You’ll quickly notice that the vetting standards for workers are suspect, which is maybe how some temps show up to work drunk, high, and shirtless and others end up living on a bed of towels at the country club they signed up to work at (until they get discovered and ruin your quota when the club cancels all future shifts). One of the happier customers acknowledged that they have to send home about 60% of the workers that IW sends because they’re underqualified. Impressed? Another customer contact went as far as filling out his own worker profile with nonsense, BS’ing his way through the 30 minute vetting phone call, and getting himself approved to become a worker he could hire. It’s unsurprising then that referrals and inbound leads are fewer in number than employees who stay more than a year.
COMP: You don’t have a revenue target, which is unusual. You get paid on those shifts that you get staffed and which get worked. The problem is that if you have temps on day 1 or 2 that show up drunk, or don’t show up, or OD on the job, or try to threaten a workman’s comp lawsuit against the “partner”, the partner will cancel those shifts you thought you booked to hit quota. I have never seen a sale with less security or stickiness.
In the unlikely event that they continue using Instawork after 2 months, you won’t get paid anything for it.
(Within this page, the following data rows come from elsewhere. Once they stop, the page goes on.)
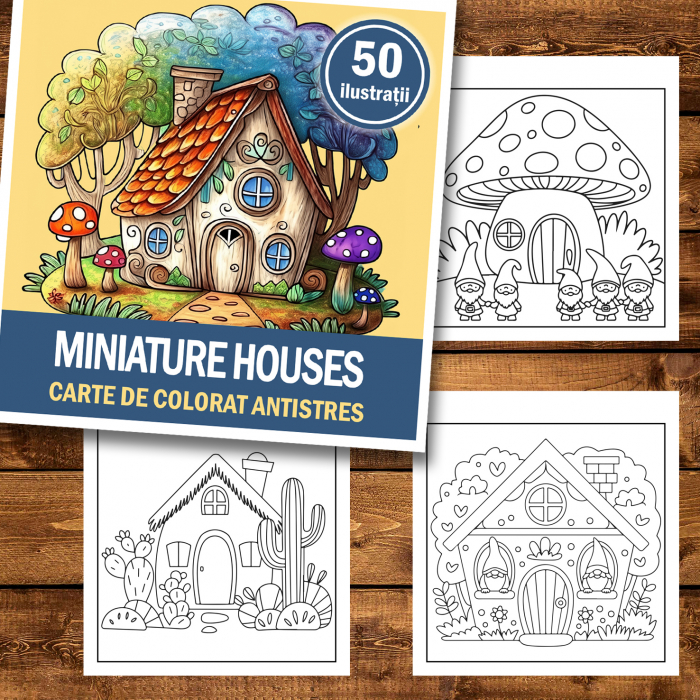 Carte de colorat antistres , 50 de ilustratii Miniature Houses, 106 pagini [2]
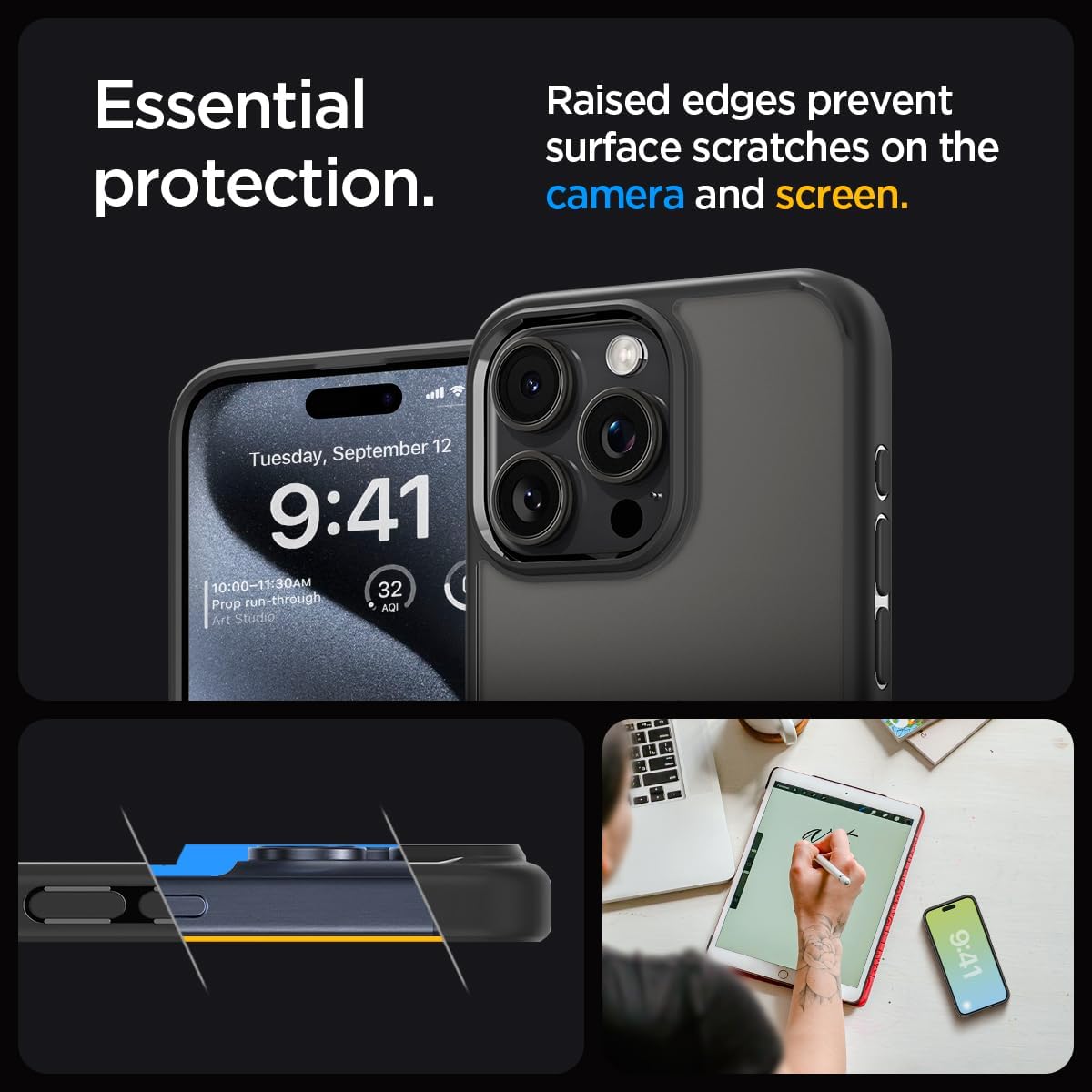 Detalle de Spigen Coque iPhone 15 Pro Max Ultra Hybrid Frost noire translucide anti-empreintes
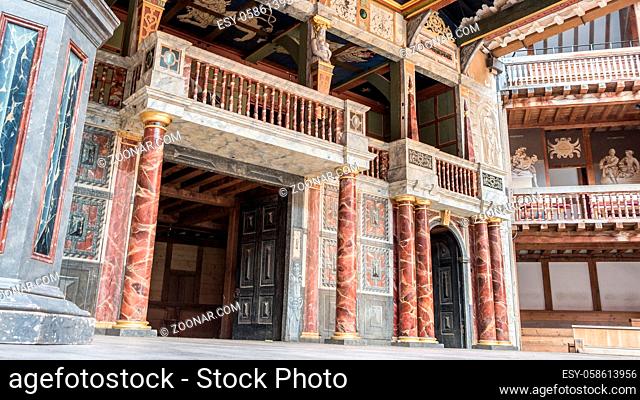 LONDON, UK - OCTOBER, 13, 2014: Interior of the famous old Shakespeare's Globe Theatre in London
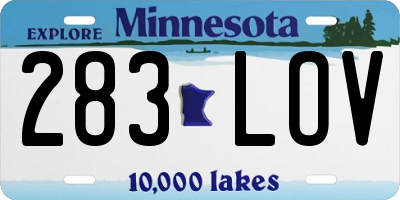 MN license plate 283LOV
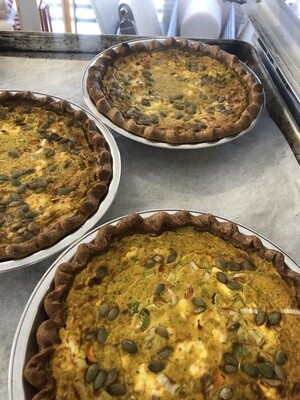 Roasted Savory Delicata Pie with Chèvre and Pine Nuts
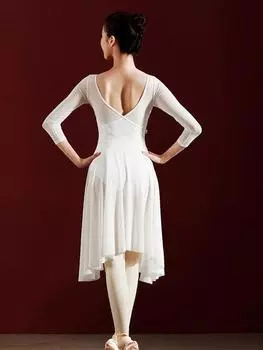 Балетный феящийся купальник с юбкой из белого тюля для взрослых для практики Large белый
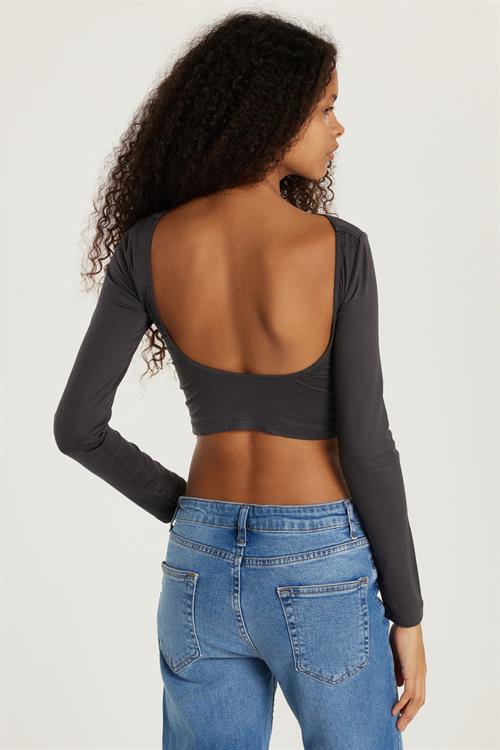 Kadın Slim Fit Dar Kesim Bisiklet Yaka Sırt Detaylı Antrasit Bluz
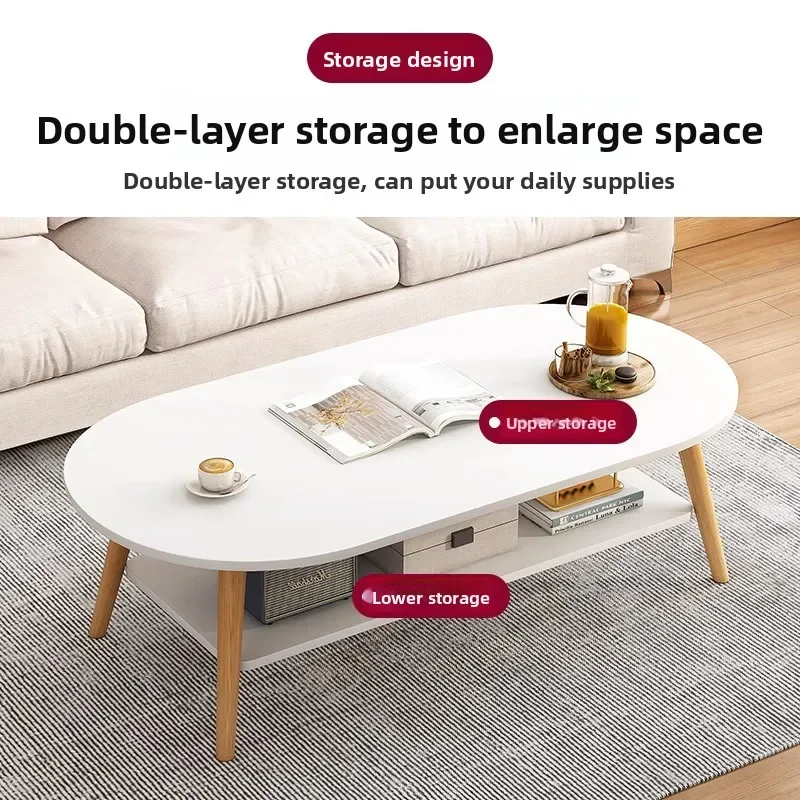 Two Tier Coffee Table Small Apartment Living Room Minimalist Modern Rental Bedroom Living Room Furniture Coffee Table Tea Table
In fact, you’ll probably be moved to a different territory by then, so you can focus on harassing the next poor SOB whose cell phone number was just assigned to you.
FALSE POSITIVES: Note the lack of enthusiasm in the 10 word positive reviews or the ones that reference a “mission driven high performance culture” that normal people would totally refer to in their attempt to provide a helpful description of a workplace, right above “no real cons come to mind”.